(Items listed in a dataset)

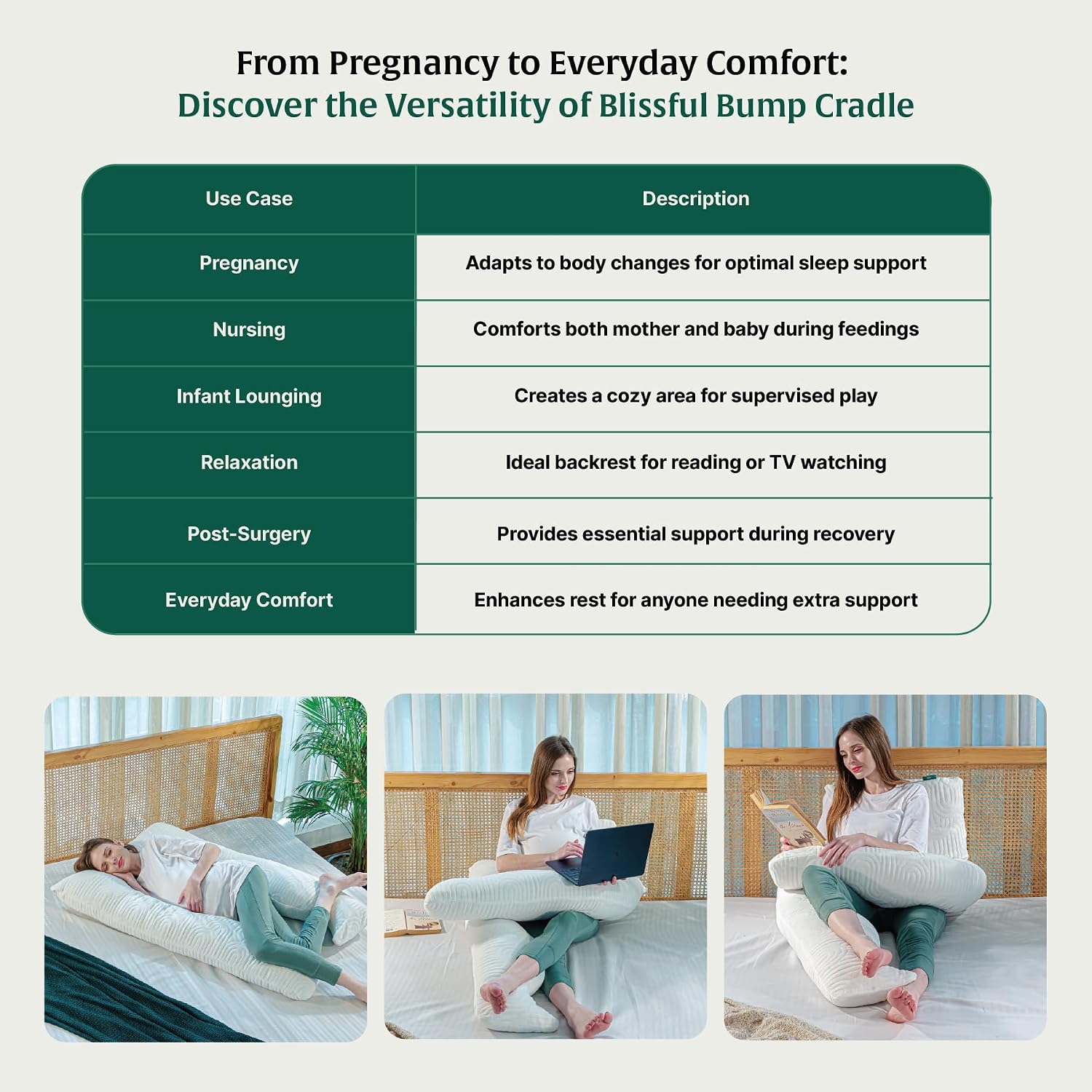 Full Body U Shaped Pregnancy Pillow For Pregnant Women, Belly Support Pillow, White | Maternity Pillow For Pregnancy Sleeping | Gift For Expectant Mother, Easy To Maintain, Washable Cover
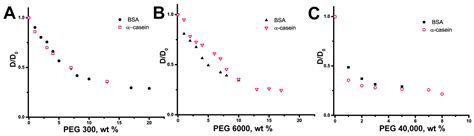 Effects of Homogeneous and Heterogeneous Crowding on Translational ...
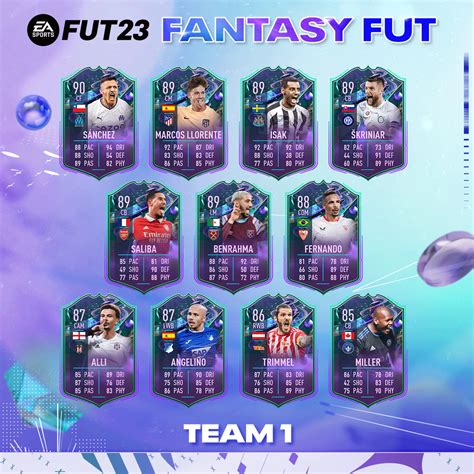 fut fantasy upgrades|Ultimate FIFA 23 Fantasy FUT and Fantasy FUT Hero。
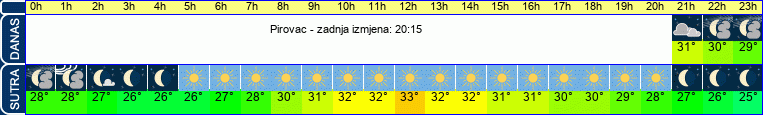 vrijeme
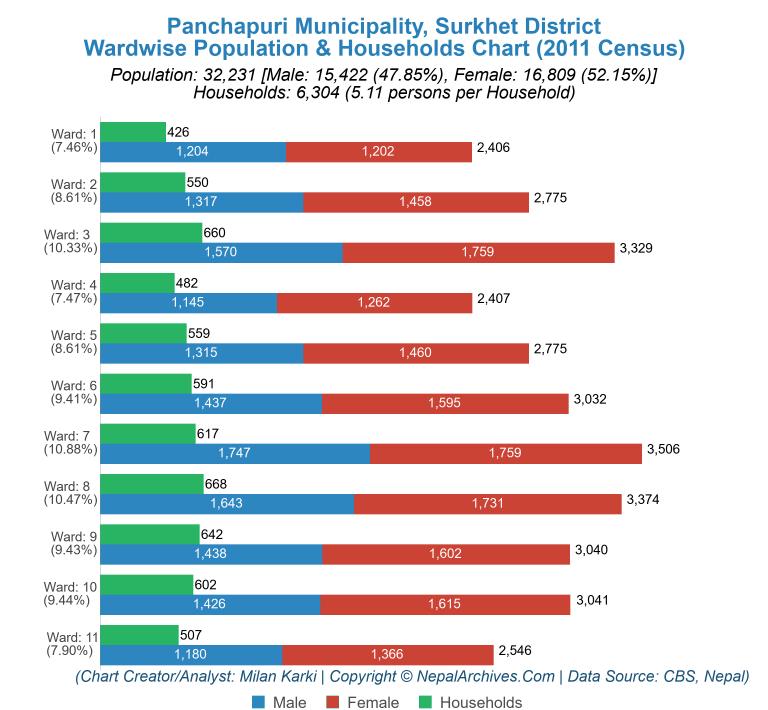 Wardwise Population Chart of Panchapuri Municipality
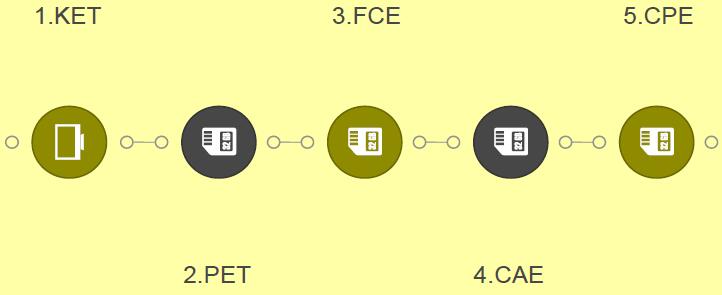 PET考试是什么?PET考试难度如何?PET考试题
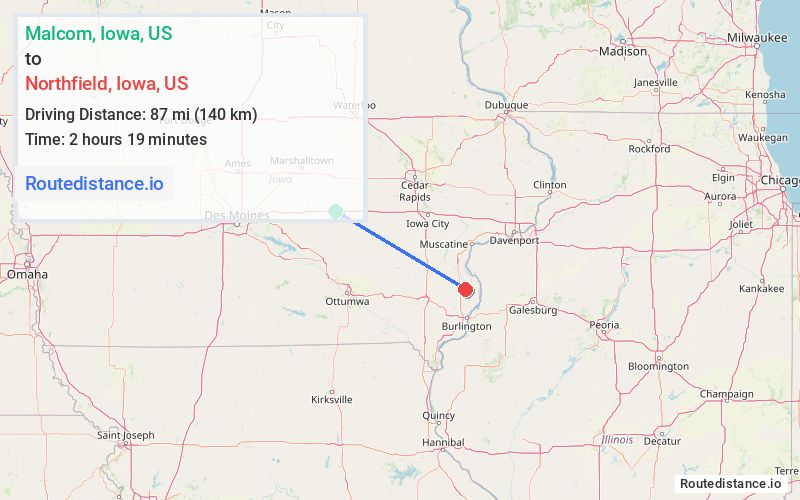 Distance from Malcom to Northfield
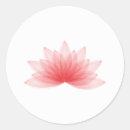 Search for lotus stickers Yoga instructor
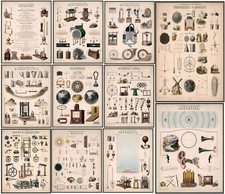 Listing image for Vintage Science Poster Scientific Illustration Print Classroom & Home Gift 1850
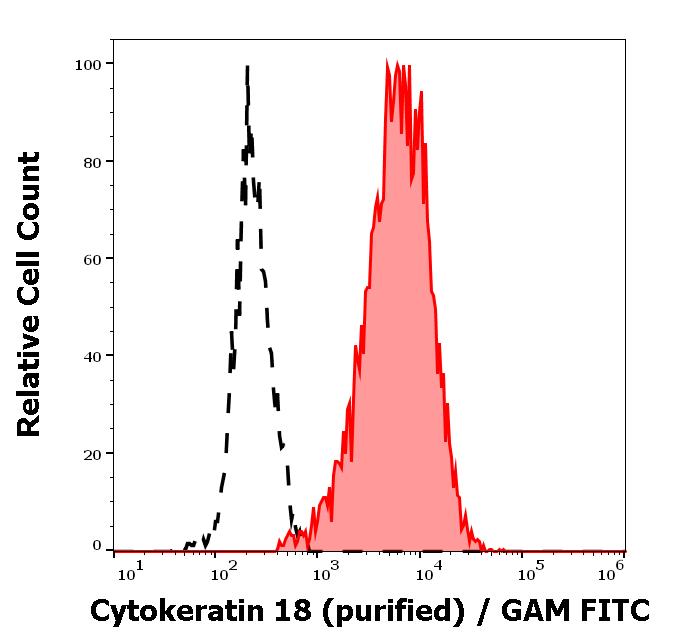 11-106_FC_Histogram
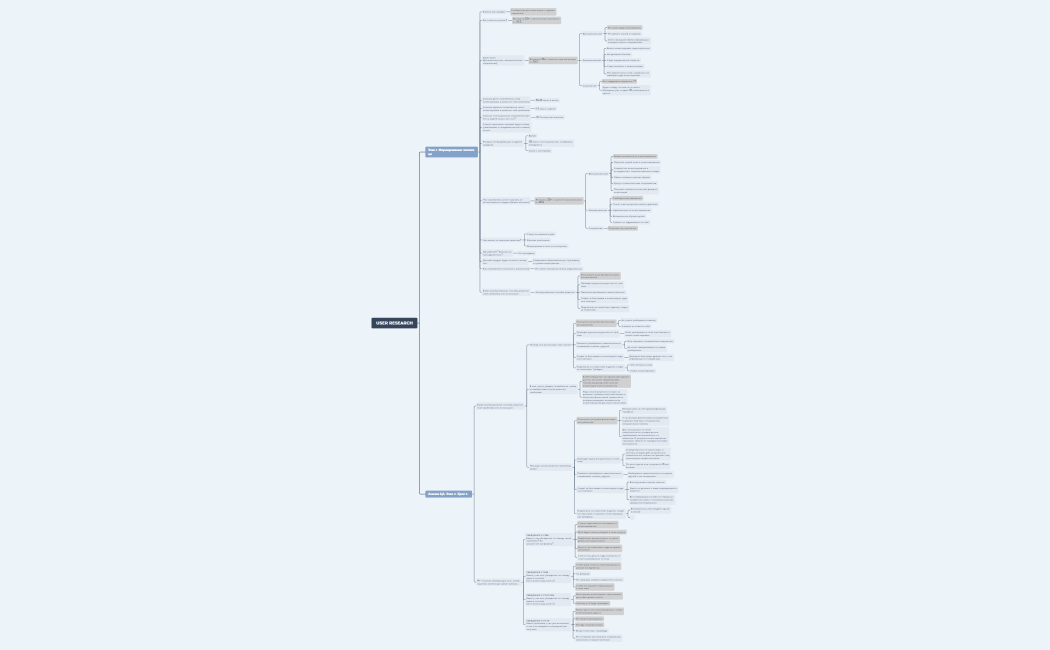 Гипотезы. Урок 1 и урок 3 (10) (1)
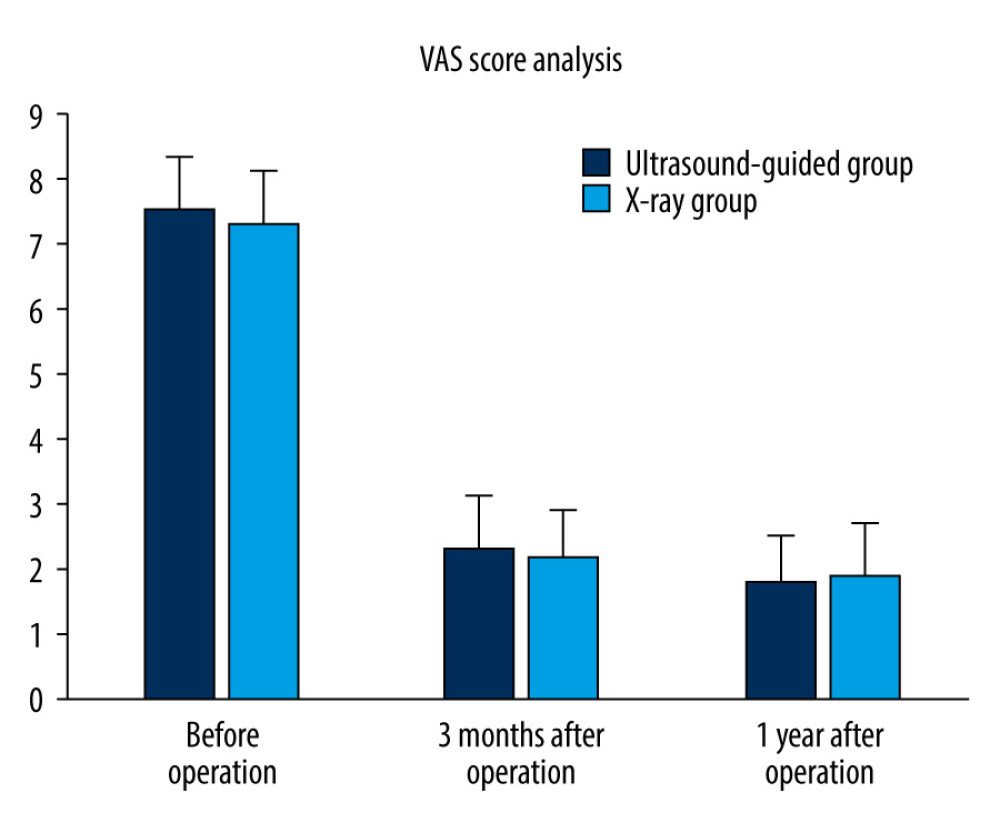 The VAS score analysis in ultrasonic group and X-ray group, and showed no significant difference before surgery, 3 months after surgery, and 1 year after surgery.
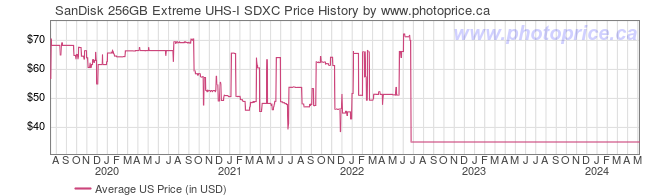 US Price History Graph for SanDisk 256GB Extreme UHS-I SDXC
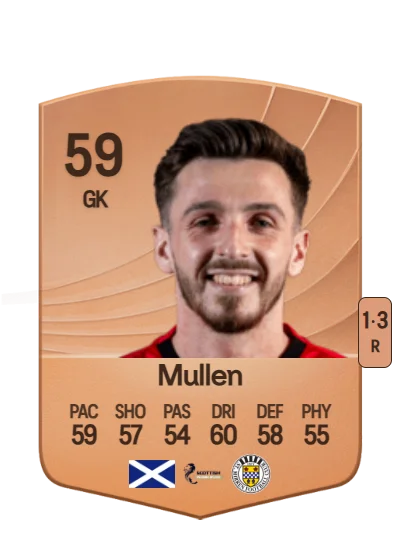 Ryan Mullen card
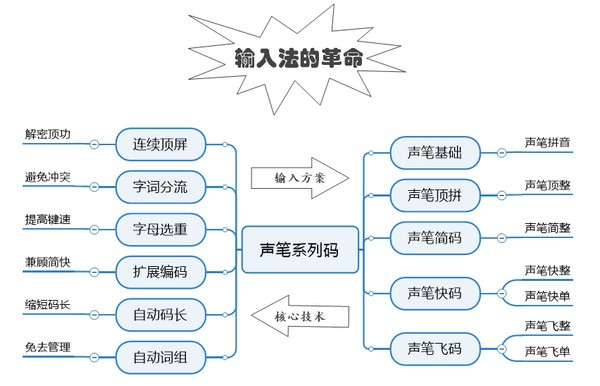 声笔系列码v9.5.0官方版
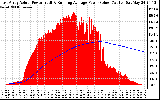 Solar PV/Inverter Performance East Array Actual & Running Average Power Output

Try it: Give back exactly the lines from the first line of the data through the line with "Гипотезы. Урок 1 и урок 3 (10) (1)", pictures excluded.

Task output:
 Full Body U Shaped Pregnancy Pillow For Pregnant Women, Belly Support Pillow, White | Maternity Pillow For Pregnancy Sleeping | Gift For Expectant Mother, Easy To Maintain, Washable Cover
 Effects of Homogeneous and Heterogeneous Crowding on Translational ...
 fut fantasy upgrades|Ultimate FIFA 23 Fantasy FUT and Fantasy FUT Hero。
 vrijeme
 Wardwise Population Chart of Panchapuri Municipality
 PET考试是什么?PET考试难度如何?PET考试题
 Distance from Malcom to Northfield
 Search for lotus stickers Yoga instructor
 Listing image for Vintage Science Poster Scientific Illustration Print Classroom & Home Gift 1850
 11-106_FC_Histogram
 Гипотезы. Урок 1 и урок 3 (10) (1)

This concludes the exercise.